TASK DIRECTIONS: Take the line that contains "Слънчеви очила Julbo" and each line after it to the end of the data below, and set them down exactly, omitting pictures.

Captioned web image data:
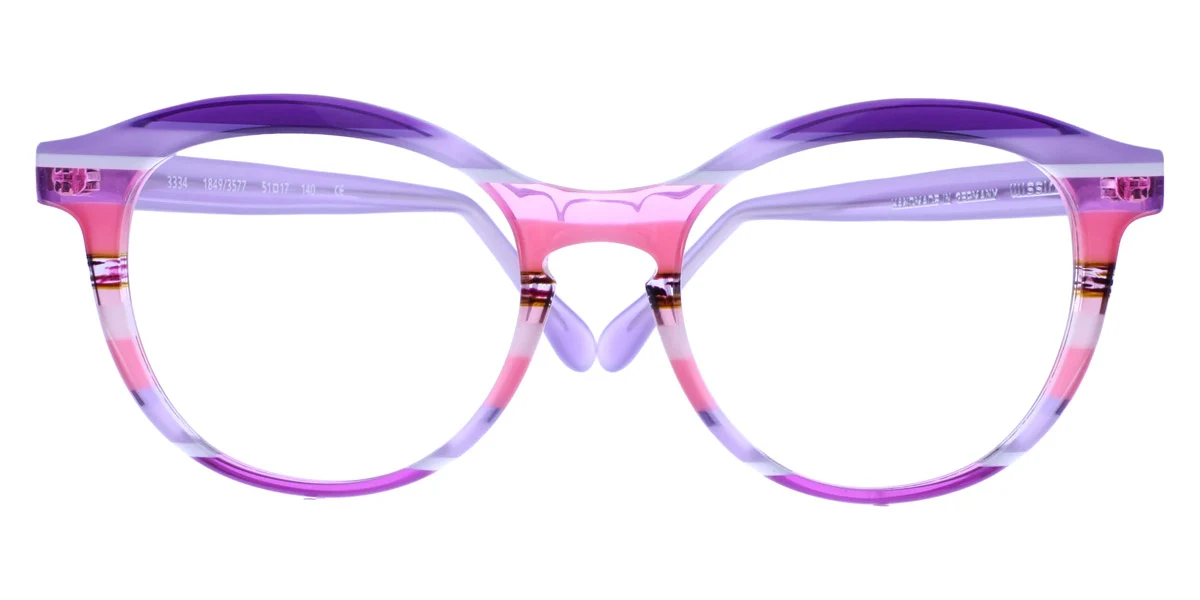 Wissing® 3334 - Image 15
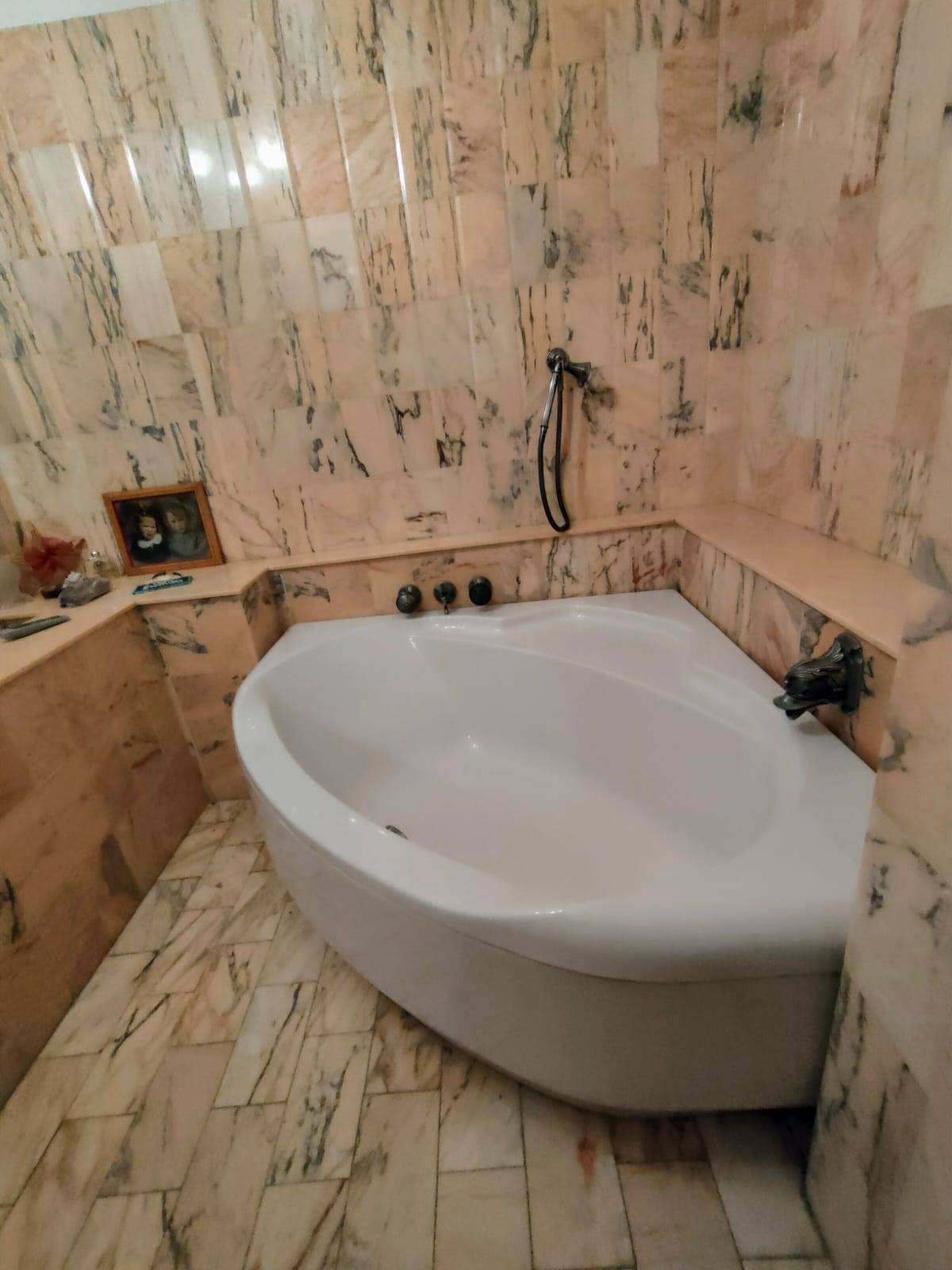 Villa in vendita a Rivanazzano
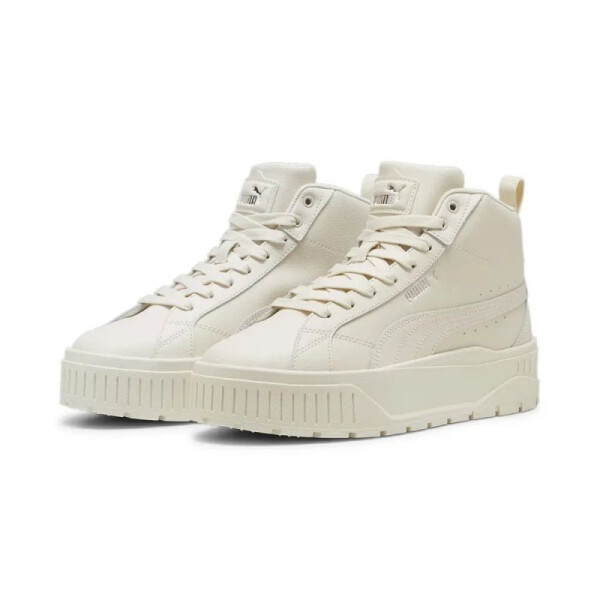 Dámské boty Puma Karmen II Mid W 397459-03 39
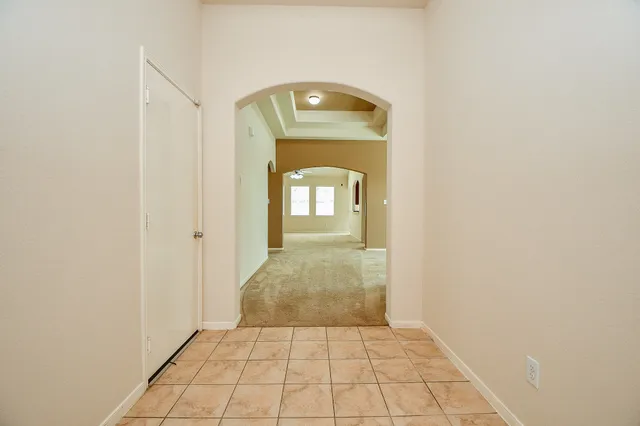 $295,000 | 4006 Mt Everest Way, Katy, TX 77449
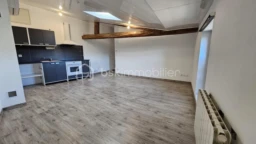 BX02c23YNN011w5c2zJKOeaRE6G7muAGoHTUmLn3.jpg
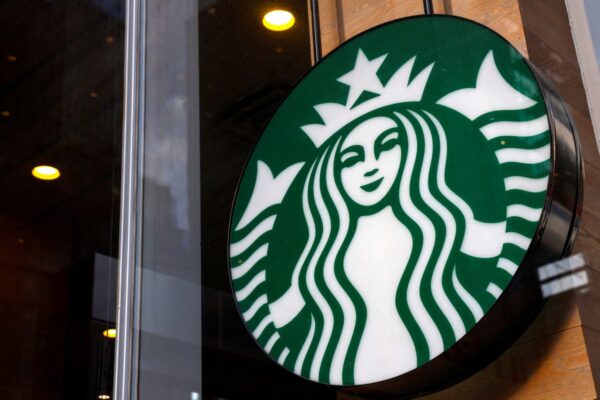 How to get a free Starbucks cold foam this week … from the Independent Kaleigh Werner
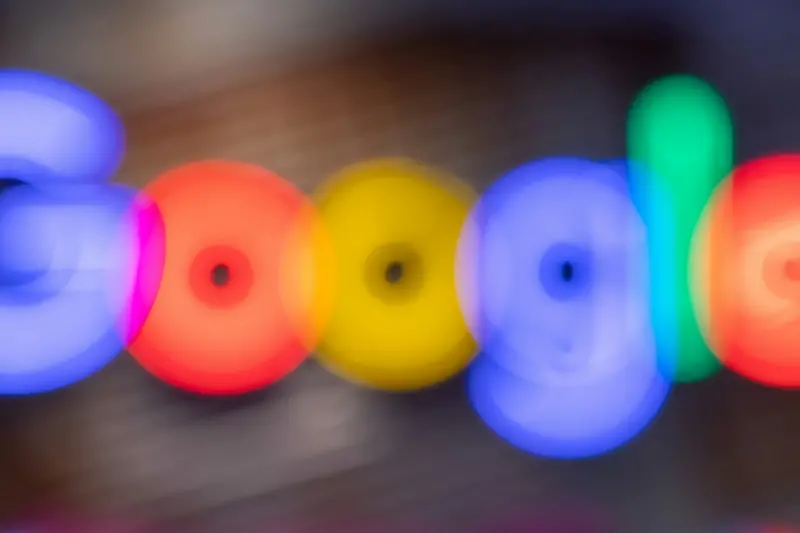 How Google’s Ecosystem Is Quietly Powering B2B SaaS Growth
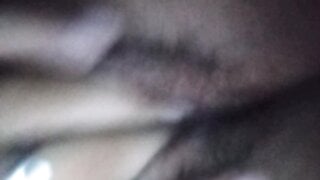 Minichat argentina masturb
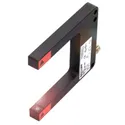 BGL 50A-003-S49 BGL001M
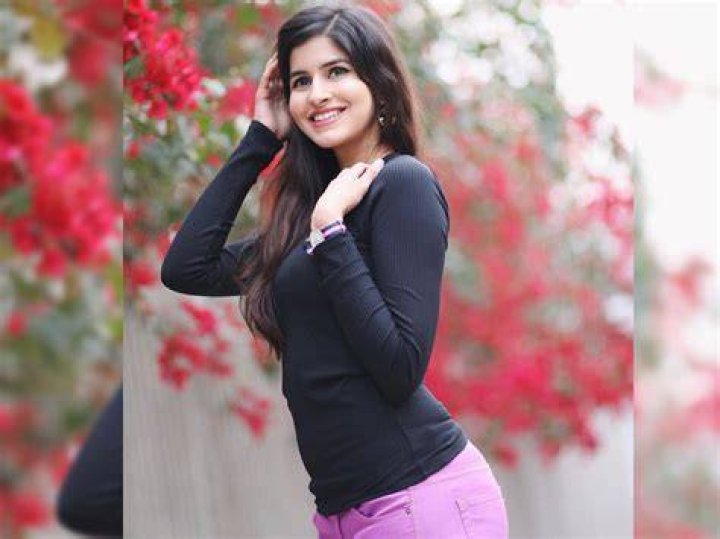 Sakshi Malik HQ Wallpapers Sakshi Malik Wallpapers 53166 Oneindia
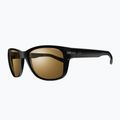 Слънчеви очила Julbo Carmel Polarized 3 black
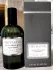 Geoffrey Beene Grey Flannel pic-199398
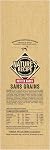 Nature's Recipe Small Breed Grain Free Natural Dry Dog Food Chicken, Sweet Potato & Pumpkin Recipe 1.8 kg (Pack of 1)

RESPONSE:
 Слънчеви очила Julbo Carmel Polarized 3 black
 Geoffrey Beene Grey Flannel pic-199398
 Nature's Recipe Small Breed Grain Free Natural Dry Dog Food Chicken, Sweet Potato & Pumpkin Recipe 1.8 kg (Pack of 1)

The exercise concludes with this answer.